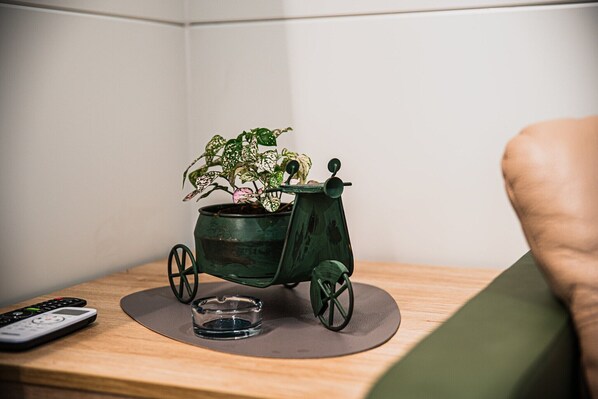 Um pequeno cachepot verde com uma planta sobre uma mesa de madeira.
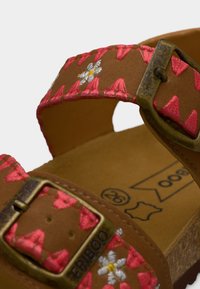 Καφέ σανδάλι με ροζ και λευκή κεντητή floral διακόσμηση, δύο ορειχάλκινα αγκράφες και μαξιλαρωτή σόλα που δείχνει το μέγεθος και τα εικονίδια δέρματος.
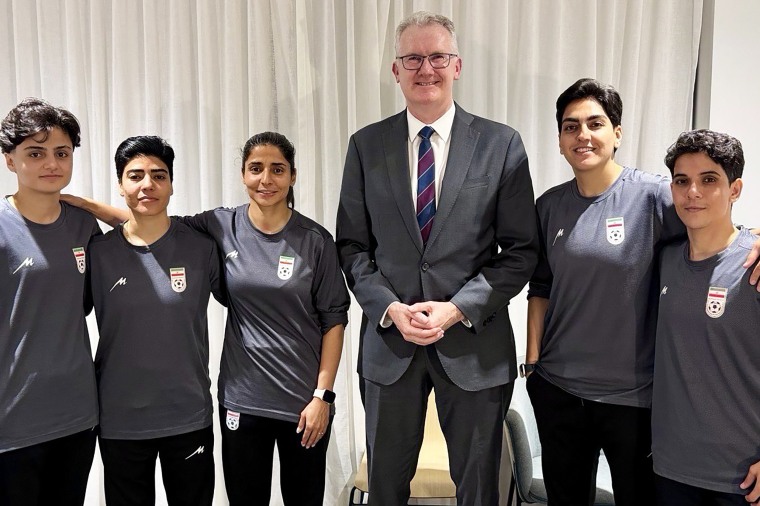 Australian Home Affairs Minister Tony Burke with five women from the team who were granted asylum Monday.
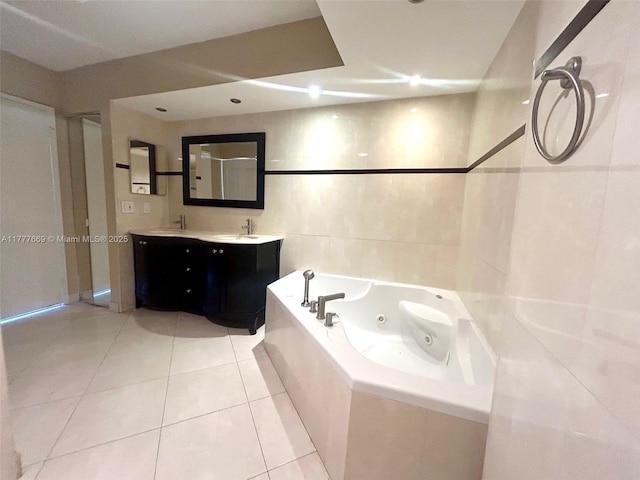 full bath with tile walls, a tub with jets, tile patterned floors, a sink, and double vanity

◆ ◆ ◆ ◆

● **Problem statement**
Type out the data above again exactly as written, minus the images.

● **Response area**
 Um pequeno cachepot verde com uma planta sobre uma mesa de madeira.
 Καφέ σανδάλι με ροζ και λευκή κεντητή floral διακόσμηση, δύο ορειχάλκινα αγκράφες και μαξιλαρωτή σόλα που δείχνει το μέγεθος και τα εικονίδια δέρματος.
 Australian Home Affairs Minister Tony Burke with five women from the team who were granted asylum Monday.
 full bath with tile walls, a tub with jets, tile patterned floors, a sink, and double vanity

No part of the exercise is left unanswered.